Untunglah kebiasaan ini akan banyak berkurang, bahkan hilang dengan sendirinya, jika si anak sudah pandai bicara. Meski begitu, "Orang tua tetap harus memberi perhatian pada anak yang suka menggigit dan jangan berharap, toh, kebiasaan buruk itu bakal hilang dengan sendirinya." Sebab, jika dibiarkan saja, "Bisa terlanjur menjadi kebiasaan. Sebab, si anak merasa, perbuatannya benar. Buktinya, ia tak pernah ditegur atau diberi penjelasan."

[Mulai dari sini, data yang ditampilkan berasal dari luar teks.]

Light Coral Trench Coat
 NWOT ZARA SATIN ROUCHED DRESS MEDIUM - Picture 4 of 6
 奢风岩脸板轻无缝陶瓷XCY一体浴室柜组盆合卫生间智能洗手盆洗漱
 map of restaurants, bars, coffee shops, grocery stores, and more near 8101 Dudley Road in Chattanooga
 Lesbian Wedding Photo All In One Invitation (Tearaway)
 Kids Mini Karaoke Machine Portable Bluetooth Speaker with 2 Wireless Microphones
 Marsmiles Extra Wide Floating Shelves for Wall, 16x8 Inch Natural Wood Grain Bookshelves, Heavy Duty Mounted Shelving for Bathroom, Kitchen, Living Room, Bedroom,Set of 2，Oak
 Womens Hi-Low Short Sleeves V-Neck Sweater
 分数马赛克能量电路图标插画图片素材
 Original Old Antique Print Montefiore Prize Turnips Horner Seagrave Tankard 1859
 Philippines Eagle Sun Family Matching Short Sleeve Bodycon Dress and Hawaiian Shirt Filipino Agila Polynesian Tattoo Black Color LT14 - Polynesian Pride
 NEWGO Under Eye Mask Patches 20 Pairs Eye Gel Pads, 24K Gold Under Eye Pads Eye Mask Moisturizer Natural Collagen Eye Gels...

Jadi, sedapat mungkin, usahakan selalu dekat dengan anak jika ia sedang main dengan temannya, misalnya. Awasi jangan sampai ia menggigit temannya. Jika si kecil "siap-siap" menggigit temannya, "Tarik dan jauhi dari temannya. Ajarkan padanya untuk mengatakan apa yang tak disukainya." Misalnya, jika mainannya direbut, ajarkan si anak berkata, " Jangan, ini punya aku. Enggak boleh diambil."
Istilahnya, menurut Ery, anak diajarkan terapi "Katakan". Tentu saja, dalam situasi si anak "terdesak", jangan diajarkan kalimat yang panjang-lebar agar ia bisa segera mempraktekkan. Cukup ajari ia mengatakan, "Jangan. Enggak boleh."
Bagaimana kalau ia sudah terlanjur menggigit? Yang jelas, segera pisahkan ia dari temannya. Beri perhatian terlebih dulu pada korban. Kalau sampai berdarah, misalnya, bawa ke dokter atau obati. Jangan lupa pula meminta maaf kepada orang tua korban.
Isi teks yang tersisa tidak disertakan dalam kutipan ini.